At that time, the focus of my website was my writing and speaking on grief and loss. To further build platform, I began making contacts that allowed me to speak to groups about grief and loss. These engagements allowed me to minister through what I said, but also let me mention my book, which many of the attendees bought.

To further extend my platform, I wrote some short pieces and submitted them to various publications. Some were rejected, some accepted and printed, but this not only let me get my name out to the readers, it gave me a foot in the door with editors of the periodicals. As a result, I was able to query them about some freelance pieces, and when these were published... Well, you see how this snowballs.

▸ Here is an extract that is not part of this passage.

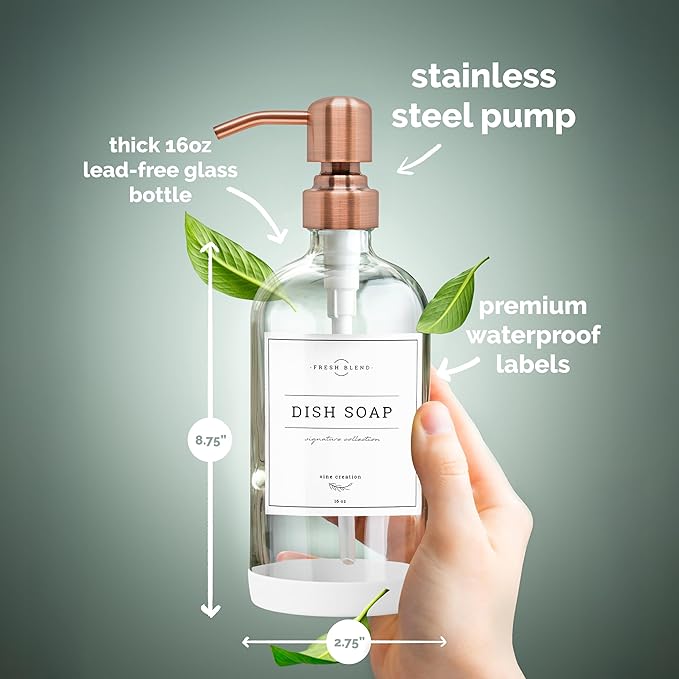 Vine Creations Clear Glass Soap Dispenser, 2 Pack Kitchen Soap Dispenser Set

About that time, everyone was starting to blog. I hate that word. Sounds like something out of a 60's sci-fi movie. But weblogs seemed to be the wave of the future, so I started Random Jottings. I have a small but loyal following (and thanks for that), and the blog not only lets me encourage other writers and entertain readers, it gets my name in front of people. So, when Code Blue launches next year, I hope there'll be a few hundred folks who recognize the name and ask, "Wonder if he writes fiction as well as he blogs?" Hope so, at least.

Then came social networking. You can follow me on Twitter or Facebook, although I don't spend a lot of time on those. I use Twitter to follow a few friends, and although I accept Facebook friends who seem to have some connection with me, however distant, I follow a limited number of persons. But the result is...all together now. It gets my name out there.

One thing I haven't done yet, and this makes me feel guilty, is collect email addresses and start sending out a newsletter on a regular basis. Right now, I'm too technologically challenged to do it easily, but that's next on my list, along with making this blog available via FeedBlitz or some similar site. Meanwhile, if you haven't done so, use Google Reader to let you know when new posts appear.

There's more to the story, but this gives you an idea about the first steps to building a platform. If you're a writer, you need one. And not for the purpose associated with the picture above. Now, to paraphrase what's going to be said at the Texas Motor Speedway this weekend: "Writers, start your platforms.